Thursday, October 26, 2017

A hand reaching out of the sky

My daughter emailed to ask for a list of Black poets for a course mate and yes, I had some solid suggestions, but to make sure I hadn't forgotten anyone crucial, I did a google search.

Was it the time of day, was it a freak accident? What indeed happened for Google to place, at the top of my results, a blouse (black) with 'poets' sleeves' or a black sofa which a company has awarded the name 'poet'?

The world's four most valuable brands sit in our hands - Apple, Google, Microsoft and Facebook. Google's owner has claimed the word, Alphabet and Apple the fruit of late summer and autumn (and, for some, paradise). Facebook has claimed our hands themselves.

And so I look to the hand coming out of the clouds. When I saw it in Ravenna I thought it was in the sea, not waving but drowning, to quote a fabulous English poet. Now I know, thanks to Jane Fordham, it's coming out of the sky and it's about to give a thumbs up.

Not the blue thumbs up of a like but a thumbs up to fear. Yes, I confess to posting pics of a new haircut and other pointless information, like this outside a pub on Lewes Road. And so time gushes away.

Is the hand that prefers to swipe and like, rather than dig and harvest to blame for the insects disappearing - hoverflies, wasps, house flies, beetles - and with them larks, swallows, swifts?

And is the hand coming out of the clouds the one to help me (and you) up onto the roof for a better view?






Monday, October 09, 2017

A landscape before the US invaded

Freya Stark in Italy
"The great and almost only comfort about being a woman is that one can always pretend to be more stupid than one is and no-one is surprised." Freya Stark quoted in The New Yorker.

I thought I was immune to brainwashing because I'm a writer. And it may be that I am more tuned into how language is manipulated, jargon introduced as normal, how spin is engineered to be invisible. But in the early hours of the morning, during a rare night of insomnia, a travel memoir published in 1970 reminded me again how quickly images attach themselves to words, how quickly one view is replaced by another.

I was deep into Freya Stark's book, The Minaret of Djam - her account of an unorthodox journey to an isolated 12th century structure in a wild province of Afghanistan - and it's thrilling, in places beautiful, often thought provoking.
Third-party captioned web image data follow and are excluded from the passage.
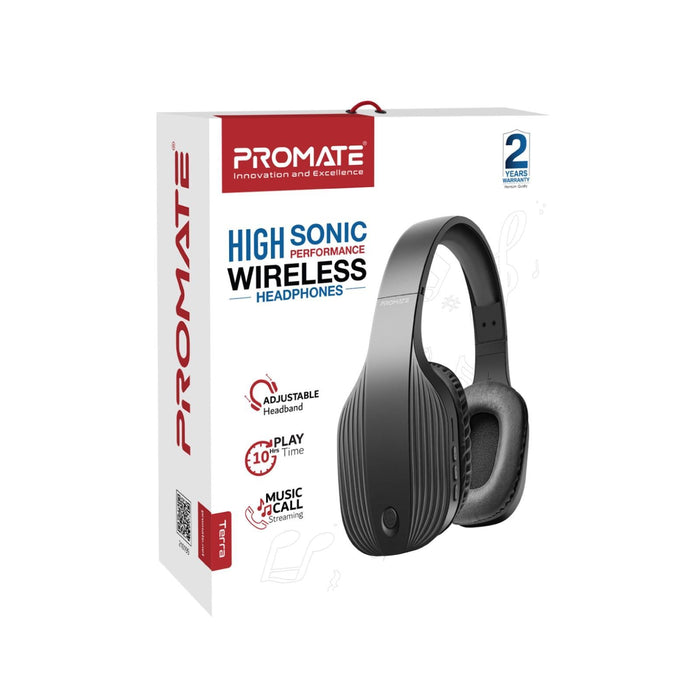 PROMATE Bluetooth Wireless Over-Ear Headphones. Up to 10 Hours Playback 300mAh B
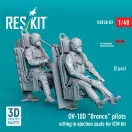 ResKit Models OV-10D Bronco pilots sitting in ejection seats for ICM kit (2 pcs) (3D Printed) 1:48 (RSF48-0083)
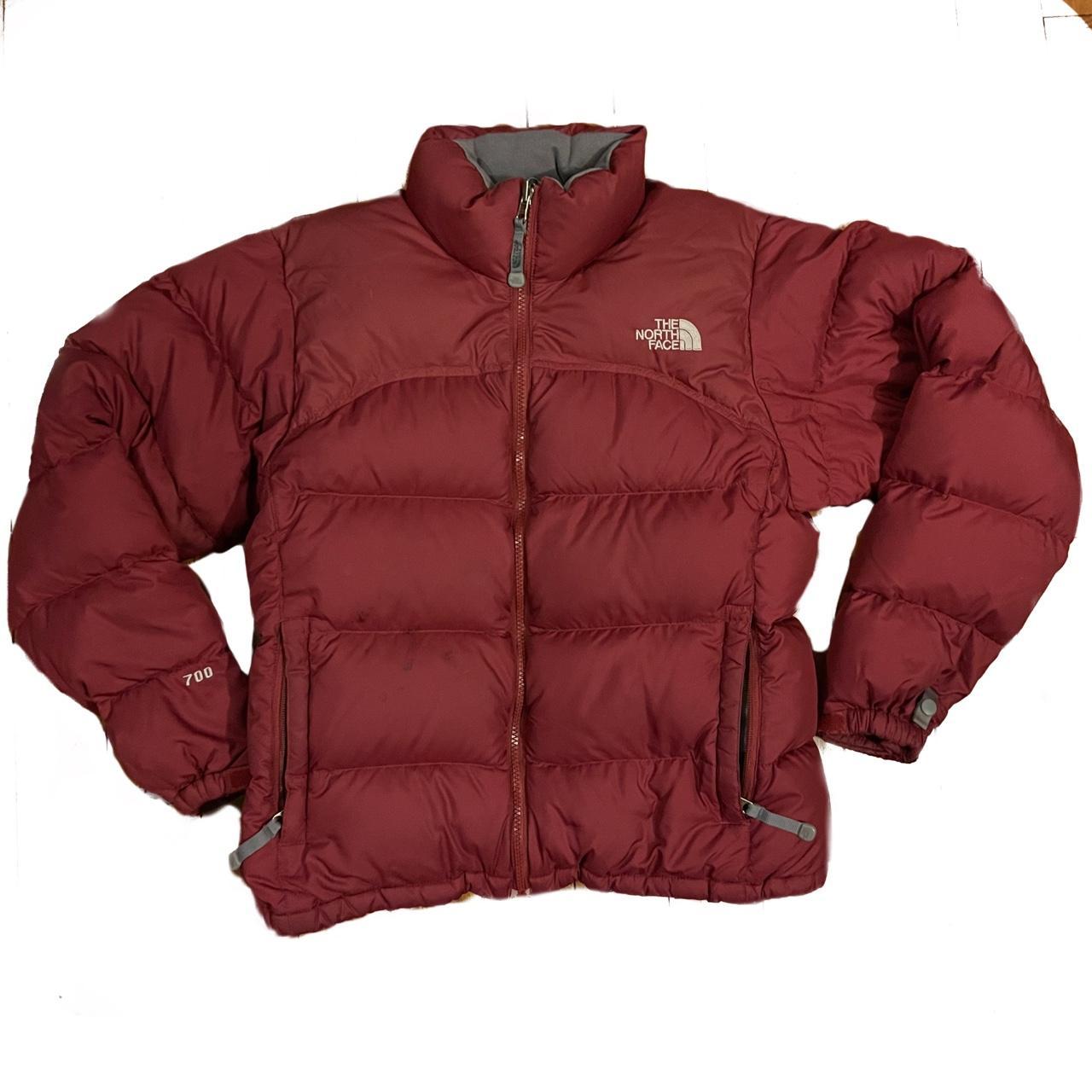 North face women's hot sale jacket burgundy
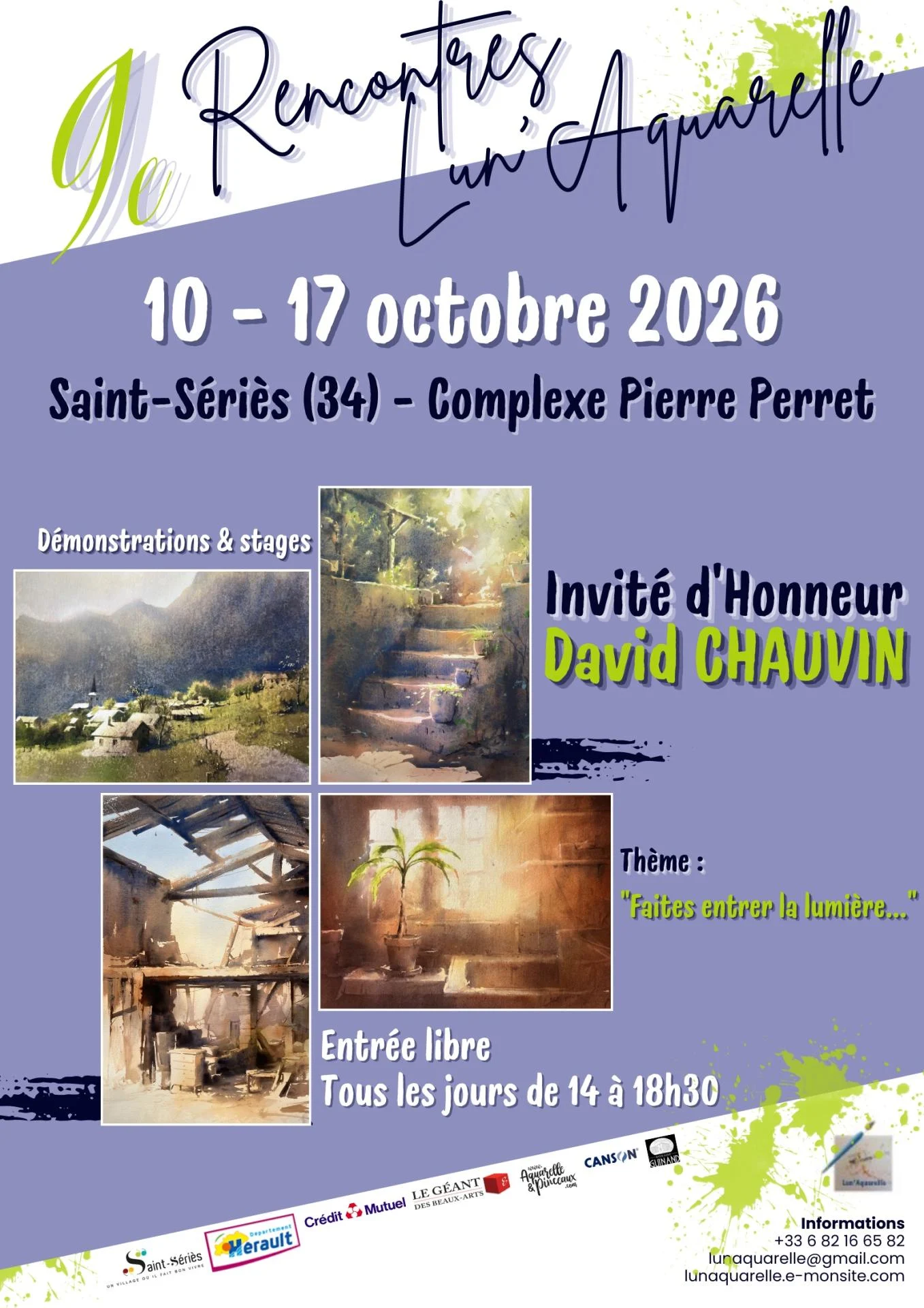 Rencontres lun aquarelle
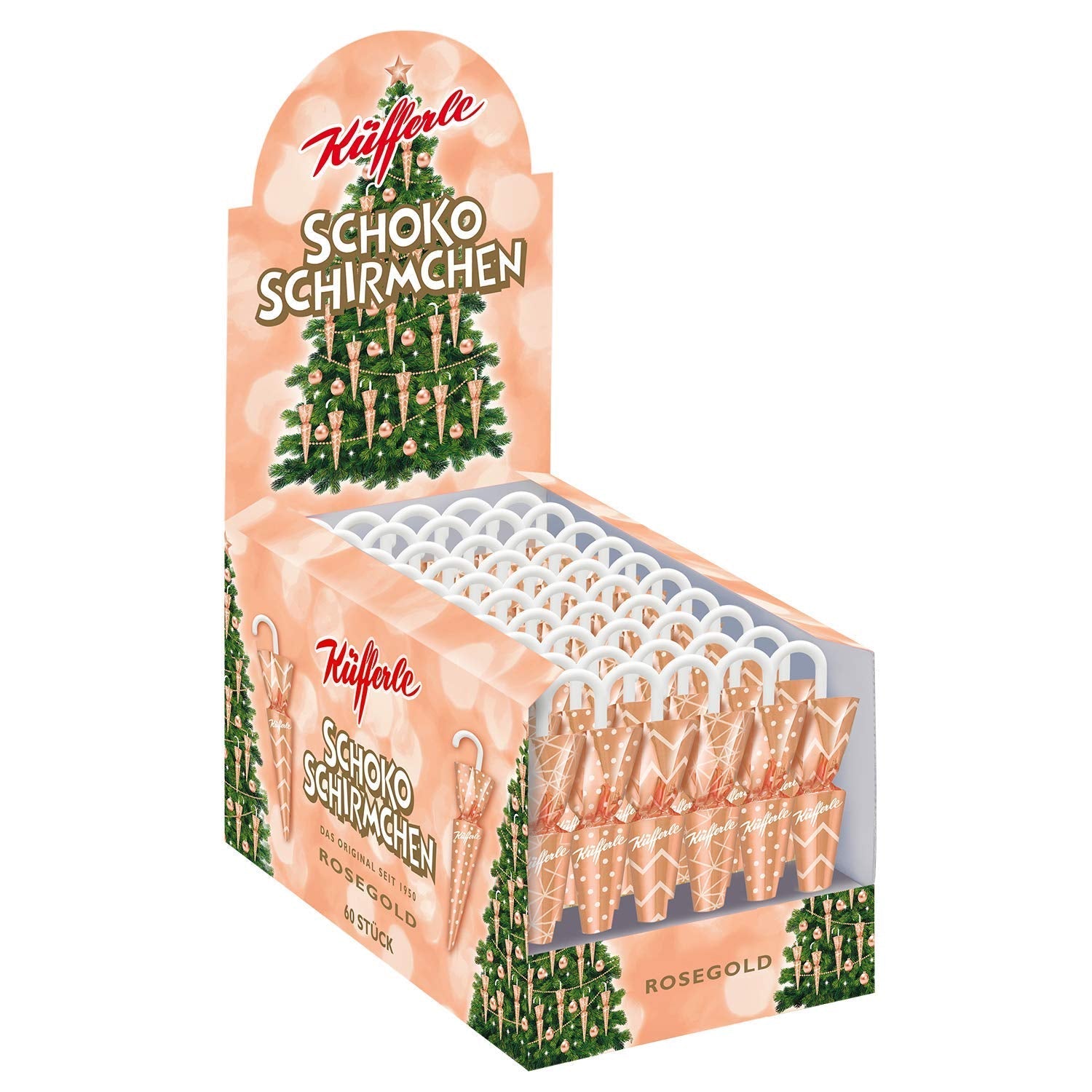 Ombres au chocolat Küfferle Polar Silver 810g (60 pièces)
She was in her mid 70s when she made this incredibly demanding trip and she allows herself the freedom of comment that comes with age. It is very easy to be with her, even though I am never likely to be so adventurous.

I so rarely suffer from insomnia that when I do it doesn't bother me - I decide to sleep during the day and enjoy the sounds of foxes outside.  So I keep going and am near the end of the book when I come across her description of "the wide pasture lands and climbing skylines of Helmand...." and in the last pages of the book, what she sees on the road towards Kabul and Kandahar.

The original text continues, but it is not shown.